WASHINGTON — Underscoring the call for a light regulatory approach to emerging Voice over Internet Protocol (VoIP) technologies, key advisors to Congress and the Federal Communications Commission said Wednesday the primary Capital Hill concerns about Internet telephone businesses built on VoIP are related to law enforcement and emergency services.
Speaking on a panel at the COMNET Conference and Expo, Republican and
Democratic legal counsels for the U.S. Senate, House of Representatives and
the FCC were unanimous in their opinion that the rules governing VoIP
deployment should not be based on traditional telecom regulatory models.
“I don’t believe anyone would say we should take this new technology and jam
it into an old construct,” said Lisa Zaina, senior legal advisor to
Democratic FCC Commissioner Jonathan Adelstein.

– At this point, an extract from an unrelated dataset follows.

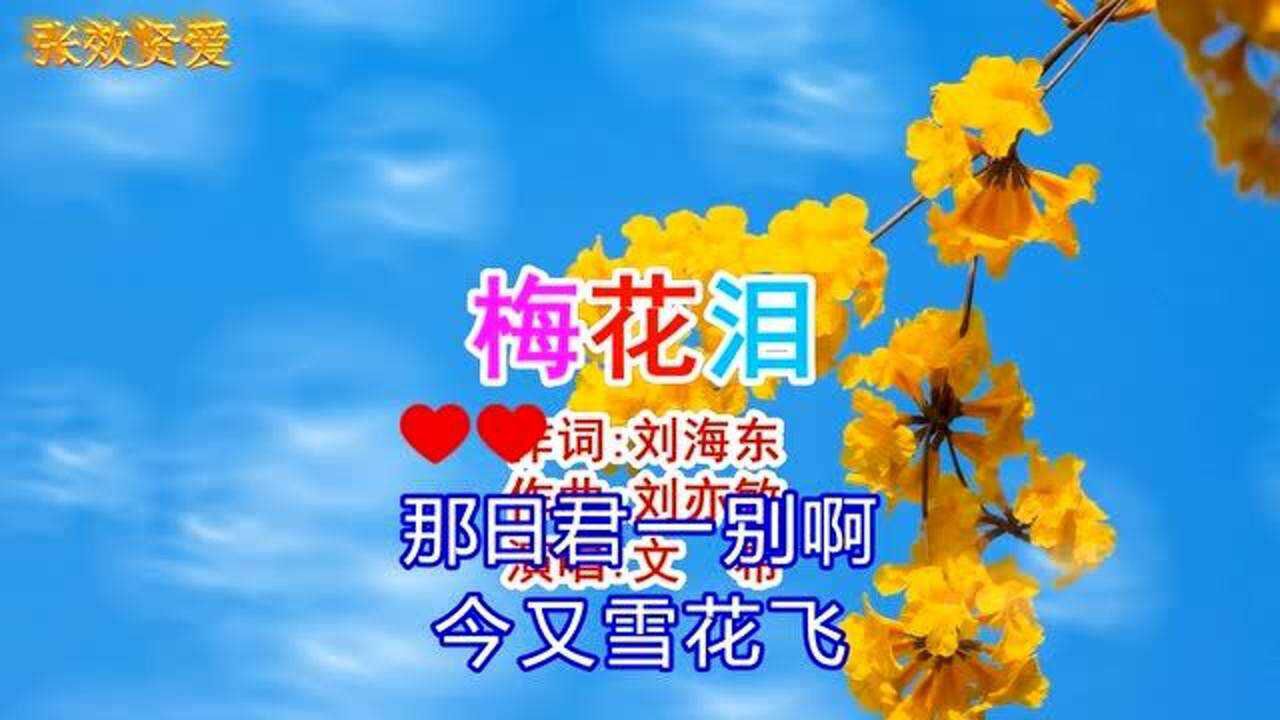 文希演唱梅花泪谁说梅花没有泪只是冰雪还未寒透梅花蕊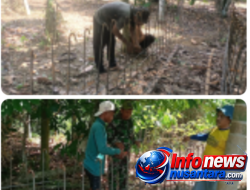 Satgas TMMD 129 Rangkai Besi Konstruksi Box Culvert, Perkuat Akses Jalan Pertanian Warga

Nevertheless, VoIP is not likely to be entirely regulation free, according
to the panel.
The Department of Justice has already urged the FCC to require VoIP
providers to comply with the Communications Assistance for Law Enforcement
Act (CALEA), which mandates telephone companies make their systems wiretap
friendly. There are also concerns about the location accuracy of 911 calls.
CALEA, though, applies to only those entities classified by the FCC as
telecommunications carriers. VoIP providers contend they are information
services, although they are promising to work with law enforcement
“The law enforcement aspect is important,” Greg Rothschild, minority counsel
to the House Energy and Commerce Committee said. “There seems to be a
disconnect between the Department of Justice and the FCC on this issue.”
The FCC began proceedings in December to determine what, if any, telecom
taxes and rules should apply to VoIP
The proceedings are expected to take at least a year.
In addition, the FCC is expected to rule as early as February on several
claims already on file that VoIP services should be exempt from federal,
state and local fees normally charged on telephone calls.
Long distance carrier AT&T
, for instance, is challenging the
fees it must pay for delivering calls traveling mostly over the Internet to
traditional local carriers. Free World Dialup, whose calls are routed
entirely over the Internet, is seeking a total exemption from FCC imposed
fees since its traffic never touches the legacy Bell infrastructure system.
As the major telecoms and cable companies join start-up VoIP ventures in
moving voice traffic over the Internet, the regulatory issue becomes
critical for cash-starved states that raise hundreds of millions in revenues
by taxing traditional telephone services.
Two weeks ago, Sen. John Sununu said he would draft a bill to keep Internet
telephony beyond the reach of state and federal regulations that govern
traditional telecoms, but two panelists Wednesday said VoIP legislation
would be difficult to get through Congress.
Bill Bailey, senior legal counsel for the Senate Commerce and Science
Committee, said Congress is reluctant to get involved in VoIP regulatory
issues, but added it might in an “oversight way.”
Greg Rothschild, minority counsel to the House Energy and Commerce
Committee, agreed with Bailey. “It would be really difficult to move through
Congress because there is so much money involved,” he said.